COMMENTARY: It’s time to lighten your load

c. 1999 Religion News Service (Dale Hanson Bourke is publisher of RNS. She has given up writing complete sentences for Lent.) UNDATED _ Talk about lousy timing. The Dow breaks 10,000, Monica sells a boatload of books and the manufacturer of her interview lipstick can’t make the stuff fast enough. Retailers are downright giddy. Movie […]

c. 1999 Religion News Service

(Dale Hanson Bourke is publisher of RNS. She has given up writing complete sentences for Lent.)

UNDATED _ Talk about lousy timing.


The Dow breaks 10,000, Monica sells a boatload of books and the manufacturer of her interview lipstick can’t make the stuff fast enough.

Retailers are downright giddy. Movie prices are going up and no one cares. Tom Wolfe’s ode to wretched excess continues on the bestseller list.

All this during Lent, the time most people associate with sacrifice, penance and fasting.

Is there anything more counter-cultural than celebrating Lent? Could anything be more out of touch with the economic euphoria, laissez-faire values and drunken optimism of this country than a period of self-enforced repentance and sacrifice?

And what should one give up during a time when Maslow’s hierarchy of needs has been surpassed by a stratospheric cacophony of desires and fantasies?

No ad agency takes up the cause of Lent, no PR engine extols its virtues. The material machine is anxious to displace 40 days of doing without with 40 days of shopping ’til you drop.

So is it time to rid ourselves of this ancient vestige?

Lent isn’t biblical, of course. Even after Jesus’ death and resurrection it took the church a couple hundred years to come up with the idea. And then it started with just a few days of fasting to prepare for the celebration marking Easter.

Then came along the Council of Nicea, that gathering of fun-loving guys who gave us such top 10 hits as the Nicene Creed, and boom, 40 days of repentance became the price everyone had to pay in order to go on the medieval Easter egg hunt.

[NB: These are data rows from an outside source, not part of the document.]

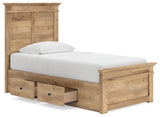 Makidern Tan Twin Panel Storage Bed - Ornate Home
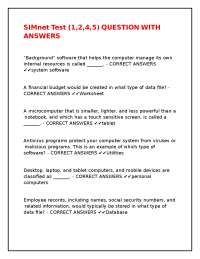 SIMnet Test (1,2,4,5) QUESTION WITH ANSWERS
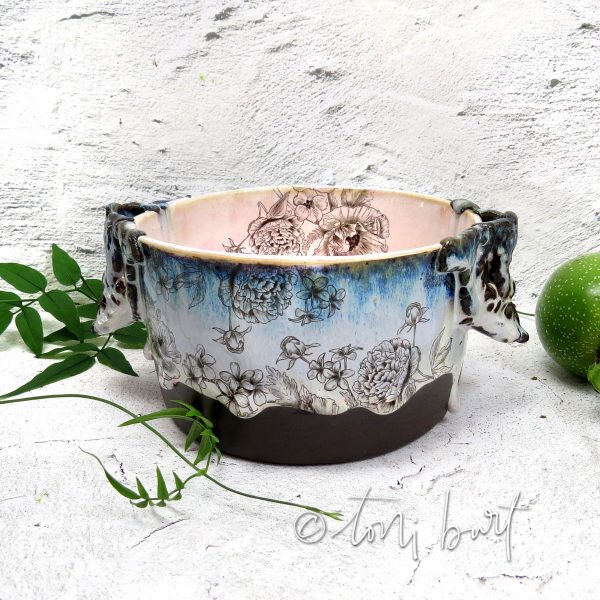 handmade chocolate clay bowl with vintage florals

But before those guys got ahold of it, Lent wasn’t all that bad. In fact, the name came from the Old English word for lengthen or lighten, associated with the longer daylight. In Middle English it simply meant spring, that wonderful season when the world is fresh, new and reborn.


So how about a compromise? What if we take a little from the sacrifice column and a little from the lightening column and start thinking of Lent as a time to lighten our load?

After all, this consuming frenzy is getting a little exhausting. We’ve all bought more than we will ever use, eaten out more than we should and lost track of what we even want anymore. Maybe it’s time to move in the other direction.

When Jesus went to the desert to be alone for 40 days (that’s where those Nicene guys got the 40 day idea) it was a time for him to get away from the distractions and focus on his calling. It was a time to examine his heart, to listen to his father and escape from the material world.

After the solitary time, Jesus came back to start his public ministry. He was centered and clear about his purpose. He was refreshed and renewed.

Now that’s something advertisers can work with. Don’t we all need a little focus, a little clarity, a little renewal? Couldn’t we all benefit from some time away from the relentlessness of the daily grind? Call it a vacation for the soul.

There’s still time left. Just because you didn’t blacken your forehead on Ash Wednesday you can still take part in Lent light.


Try this: Take a week or a day or an hour. Get away from the television, the family and your work. Turn off the laptop and the cell phone. Scary thought isn’t it?

Now sit still. Listen. Pray. Ask God for focus, clarity and renewal. Look back at the material world through the eyes of your soul. Think about what you really need. Think about who you really love. Think about what you really mean to be spending all that time pursuing.

Then go back. Go back with a lighter load and a clearer head. Go back and be in the world but not of it. Go back with a soul filled up and ready to celebrate Spring.